The next generation of “game mechanics” (which, as I note above, are simply extrapolations from what we observe in life) could begin to reconcile place and story with the more subtle lessons we’ve learned from places like Second Life.

While I may be misappropriating the term, I call this narrative architecture, which I believe captures the more subtle ways in which digital spaces can be humanizing, can approach those moments of transparent ‘now-ness’, and which facilitate the richer forms of emotional bandwidth that are more akin to Second Life than Farmville.

We’re starting to see hints of complex forms of narrative architecture in games like Red Dead Redemption or FarCry (and was the promise, unfilled, of Alan Wake): complex environments in which the game play closes in on parity with story and setting.

There’s a scene in Heavy Rain in a train station which is one of the more profound experiences I’ve ever had in a game. While the game itself has an awkward interface, the narrative architecture integrated interface, character development and choice, setting and story.

These things facilitated the train station scene (start at 2:00 minute mark):

The Future of Emotional Bandwidth
If you’ve spent as much time in Second Life as some people do playing games, you’ll have had experiences not dissimilar in their emotional impact to that of Heavy Rain.

People like to say that Second Life is not a game. But in the broadest and noblest sense it is. Because the definition of games has always included the capacity for mechanics that are derived not just from the sort of shoot/rinse/repeat skill sets that we imagine from first-person shooters, from farming crops in Farmville, or playing Bejwelled.

Instead, Second Life has succeeded because its mechanics are based on things more subtle and broader: on concepts of economic value and exchange, personal identity and expression, and intellectual property development and transfer.

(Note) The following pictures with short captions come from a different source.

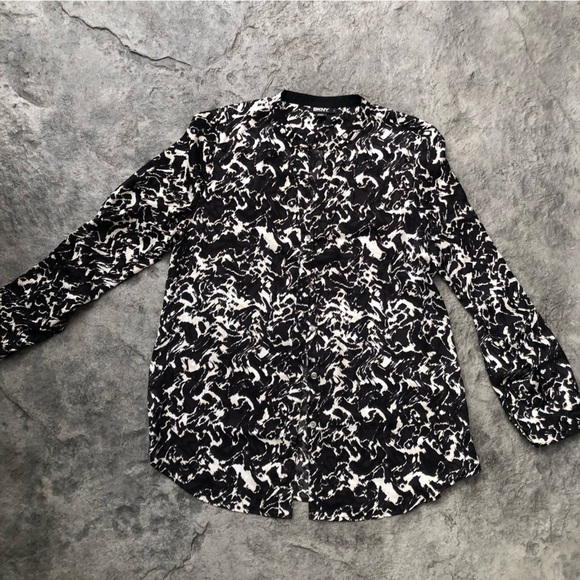 Dkny button down blouse white black pattern shirt size L - Picture 5 of 6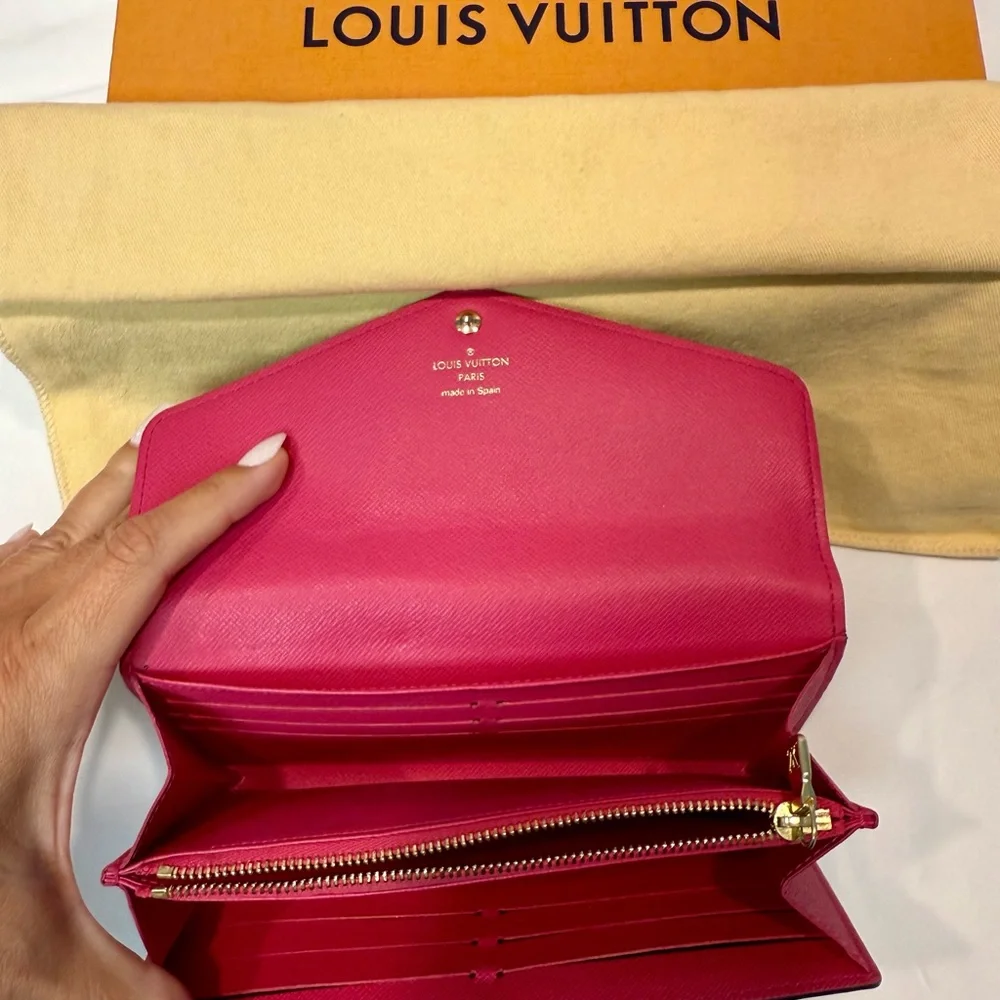 LOUIS VUITTON Monogram Travel Patches Sarah Wallet - Picture 6 of 14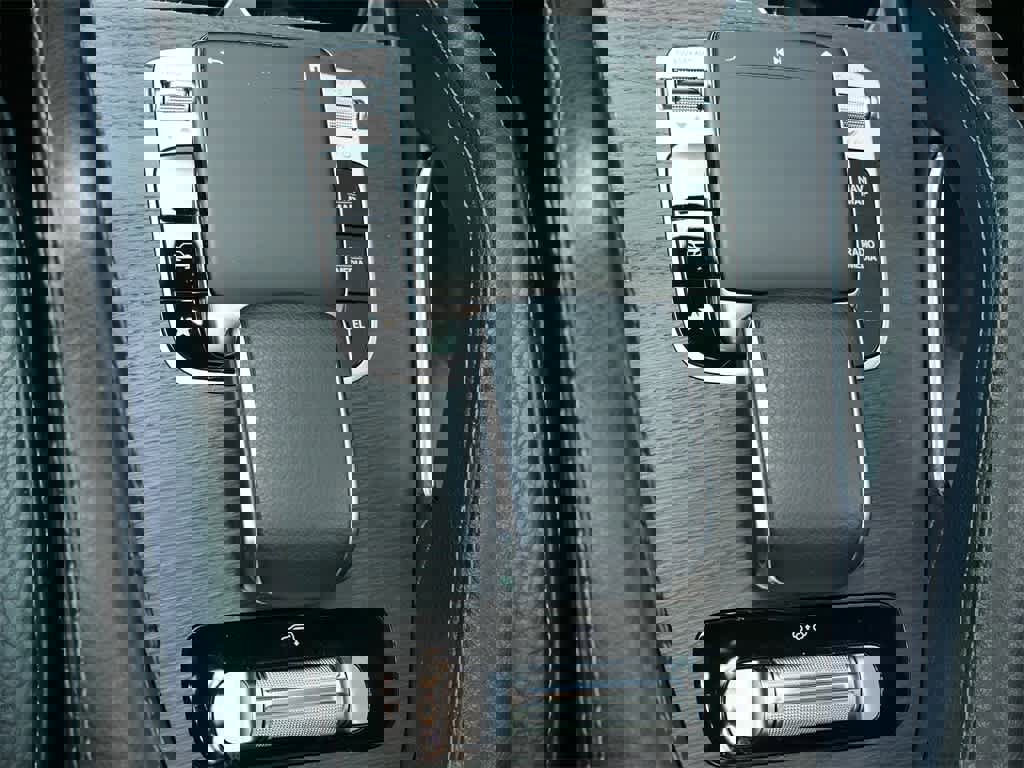 Used 2020 Mercedes-Benz GLE 580 4MATIC image 17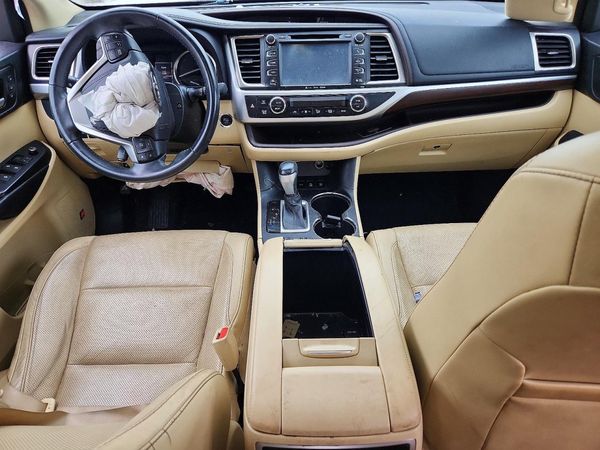 2016 TOYOTA HIGHLANDER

Just as game mechanics are derived from facets of life, these mechanics are also derived from our broader understanding of how the world works, and of our capacity to tinker with that understanding through the affordances of online experiences.

What we learn from the extrapolation and interaction with those mechanics isn’t just a product, in virtual worlds, of our mastery of skills and interfaces, but extends to what it tells us about ourselves, just as Heavy Rain asks us to ponder what the life of our child is worth and what cost we’d be willing to pay for that life.

As games are increasingly showing us, and as Second Life has proven, our future together in digital spaces will continue to be informed by the mechanics of those environments, but the rapidly evolving capacity to carry emotional bandwidth means that we will also have the opportunity to craft experiences that could lead beyond mastery to wisdom, past what is visible into things that are invisible but that carry richer meaning.

The narrative architecture we use to craft these experiences should not, therefore, simply be about solving the problem of attraction and retention, but should honor the spaces in between: the transparent moments of now-ness, those still and silent moments which, if we create the opportunity for them to exist, will help us retain the possibility that it’s not just the pipelines capacity to carry content which is important, but the content itself.

Our leaders in these digital spaces need to remind us that as the capacity for emotional bandwidth increases, so too does our obligation to create worlds in which the ethic and meaning of connection is not pre-ordained by a view of technology’s limitations or affordances, but is instead facilitated because it could allow us, still, to have a conversation about fruit, perhaps, or to wonder what the silences and graceful pauses mean, and to still discover that there are places in between.